CA+: Cognition Augmented Counselor Agent Framework for Long-term Dynamic Client Engagement
Yuanrong Tang, Yu Kang, Yifan Wang, Tianhong Wang, Chen Zhong, Jiangtao Gong
TL;DR
This paper presents CA+, a Cognition Augmented Counselor Agent framework designed to address long-term engagement gaps in AI-based psychological counseling. It integrates three components—Therapy Strategies, Communication Form, and Information Management—within a recursive, hierarchically layered planning architecture to maintain context, adaptively personalize interventions, and preserve therapeutic continuity. Two studies demonstrate significant improvements in client engagement, perceived empathy, and satisfaction, with professional counselors endorsing CA+’s professionalism and adherence to counseling standards. The work advances AI-assisted mental health by providing a scalable, knowledge-rich framework that leverages cognitive theories and AI strengths to extend access to high-quality psychological support while outlining clear directions for future enhancements and safety considerations.
Abstract
Current AI counseling systems struggle with maintaining effective long-term client engagement. Through formative research with counselors and a systematic literature review, we identified five key design considerations for AI counseling interactions. Based on these insights, we propose CA+, a Cognition Augmented counselor framework enhancing contextual understanding through three components: (1) Therapy Strategies Module: Implements hierarchical Goals-Session-Action planning with bidirectional adaptation based on client feedback; (2) Communication Form Module: Orchestrates parallel guidance and empathy pathways for balanced therapeutic progress and emotional resonance; (3) Information Management: Utilizes client profile and therapeutic knowledge databases for dynamic, context-aware interventions.
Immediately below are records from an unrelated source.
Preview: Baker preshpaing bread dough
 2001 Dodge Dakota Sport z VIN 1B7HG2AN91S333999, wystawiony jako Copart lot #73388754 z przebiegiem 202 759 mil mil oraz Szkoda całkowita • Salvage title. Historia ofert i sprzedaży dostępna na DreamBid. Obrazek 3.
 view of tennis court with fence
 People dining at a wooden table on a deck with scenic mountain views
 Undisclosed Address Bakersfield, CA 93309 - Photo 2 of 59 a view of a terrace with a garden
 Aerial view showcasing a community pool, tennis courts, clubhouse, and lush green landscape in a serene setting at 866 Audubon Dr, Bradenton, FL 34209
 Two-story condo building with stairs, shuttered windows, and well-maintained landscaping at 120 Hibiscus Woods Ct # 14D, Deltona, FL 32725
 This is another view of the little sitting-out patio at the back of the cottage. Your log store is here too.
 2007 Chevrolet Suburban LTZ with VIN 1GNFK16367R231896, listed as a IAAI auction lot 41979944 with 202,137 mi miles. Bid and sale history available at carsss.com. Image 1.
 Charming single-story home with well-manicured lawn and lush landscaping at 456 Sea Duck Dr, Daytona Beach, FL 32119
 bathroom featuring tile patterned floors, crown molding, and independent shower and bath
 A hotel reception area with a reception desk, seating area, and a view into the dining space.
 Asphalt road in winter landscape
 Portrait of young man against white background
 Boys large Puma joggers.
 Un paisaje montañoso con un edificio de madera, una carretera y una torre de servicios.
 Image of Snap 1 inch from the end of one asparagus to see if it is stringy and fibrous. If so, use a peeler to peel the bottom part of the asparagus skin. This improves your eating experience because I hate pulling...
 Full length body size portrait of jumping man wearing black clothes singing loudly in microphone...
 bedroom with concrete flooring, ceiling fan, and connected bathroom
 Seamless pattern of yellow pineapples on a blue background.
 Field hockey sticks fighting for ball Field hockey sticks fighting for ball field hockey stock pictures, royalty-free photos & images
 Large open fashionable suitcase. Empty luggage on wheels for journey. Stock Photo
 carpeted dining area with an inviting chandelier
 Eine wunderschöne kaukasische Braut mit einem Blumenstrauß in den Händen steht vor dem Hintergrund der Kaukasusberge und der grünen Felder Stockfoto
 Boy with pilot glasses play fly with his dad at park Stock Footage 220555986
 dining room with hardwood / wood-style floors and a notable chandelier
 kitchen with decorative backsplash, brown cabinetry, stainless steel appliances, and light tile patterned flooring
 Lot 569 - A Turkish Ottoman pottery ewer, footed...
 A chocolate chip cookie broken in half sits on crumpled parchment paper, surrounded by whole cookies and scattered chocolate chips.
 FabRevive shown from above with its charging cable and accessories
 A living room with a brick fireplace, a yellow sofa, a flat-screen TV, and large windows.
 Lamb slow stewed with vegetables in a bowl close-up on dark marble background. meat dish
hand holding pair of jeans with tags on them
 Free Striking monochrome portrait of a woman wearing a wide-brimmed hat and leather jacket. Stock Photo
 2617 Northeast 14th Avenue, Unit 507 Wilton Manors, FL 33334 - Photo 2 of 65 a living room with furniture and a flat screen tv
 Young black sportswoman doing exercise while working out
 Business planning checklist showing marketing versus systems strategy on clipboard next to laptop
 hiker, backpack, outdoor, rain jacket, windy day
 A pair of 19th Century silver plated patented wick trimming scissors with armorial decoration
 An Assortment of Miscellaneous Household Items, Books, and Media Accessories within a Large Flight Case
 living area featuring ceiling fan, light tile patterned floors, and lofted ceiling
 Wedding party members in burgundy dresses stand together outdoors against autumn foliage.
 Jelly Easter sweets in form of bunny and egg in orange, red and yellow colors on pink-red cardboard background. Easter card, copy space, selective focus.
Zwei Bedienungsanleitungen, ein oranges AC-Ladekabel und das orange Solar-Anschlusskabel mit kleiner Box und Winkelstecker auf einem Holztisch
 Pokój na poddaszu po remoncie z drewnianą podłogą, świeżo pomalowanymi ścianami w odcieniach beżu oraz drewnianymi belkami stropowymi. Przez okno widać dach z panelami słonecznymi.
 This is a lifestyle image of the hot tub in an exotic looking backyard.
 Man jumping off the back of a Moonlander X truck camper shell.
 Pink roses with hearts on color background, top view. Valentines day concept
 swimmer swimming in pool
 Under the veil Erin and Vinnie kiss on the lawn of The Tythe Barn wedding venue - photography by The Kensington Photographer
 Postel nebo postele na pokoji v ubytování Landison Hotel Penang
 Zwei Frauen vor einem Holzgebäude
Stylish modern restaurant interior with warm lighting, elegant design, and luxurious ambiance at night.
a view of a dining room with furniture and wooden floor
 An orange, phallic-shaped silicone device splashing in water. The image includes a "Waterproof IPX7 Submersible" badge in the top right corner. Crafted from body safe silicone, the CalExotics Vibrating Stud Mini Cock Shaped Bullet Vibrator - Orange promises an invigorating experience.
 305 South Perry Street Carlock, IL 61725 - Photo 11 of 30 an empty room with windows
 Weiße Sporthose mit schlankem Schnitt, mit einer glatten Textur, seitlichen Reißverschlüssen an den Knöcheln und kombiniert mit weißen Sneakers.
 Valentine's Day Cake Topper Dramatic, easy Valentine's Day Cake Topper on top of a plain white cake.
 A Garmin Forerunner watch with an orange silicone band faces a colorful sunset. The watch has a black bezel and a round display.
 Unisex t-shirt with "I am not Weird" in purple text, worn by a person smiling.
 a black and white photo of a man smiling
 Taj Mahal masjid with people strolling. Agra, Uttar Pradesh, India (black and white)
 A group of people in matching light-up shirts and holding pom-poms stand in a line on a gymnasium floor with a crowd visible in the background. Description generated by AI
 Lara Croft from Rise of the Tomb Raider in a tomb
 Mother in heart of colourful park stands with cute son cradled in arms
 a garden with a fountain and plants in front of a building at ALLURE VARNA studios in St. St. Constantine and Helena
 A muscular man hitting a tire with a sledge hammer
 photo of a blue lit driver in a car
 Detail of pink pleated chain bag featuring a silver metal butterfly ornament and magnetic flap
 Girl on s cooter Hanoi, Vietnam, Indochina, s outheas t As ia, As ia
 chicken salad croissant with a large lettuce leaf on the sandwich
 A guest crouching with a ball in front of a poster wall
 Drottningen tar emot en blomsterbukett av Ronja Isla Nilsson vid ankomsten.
A three-day longitudinal study with 24 clients demonstrates CA+'s significant improvements in client engagement, perceived empathy, and overall satisfaction compared to a baseline system. Besides, two licensed counselors confirm its high professionalism. Our research demonstrates the potential for enhancing LLM engagement in psychological counseling dialogues through cognitive theory, which may inspire further innovations in computational interaction in the future.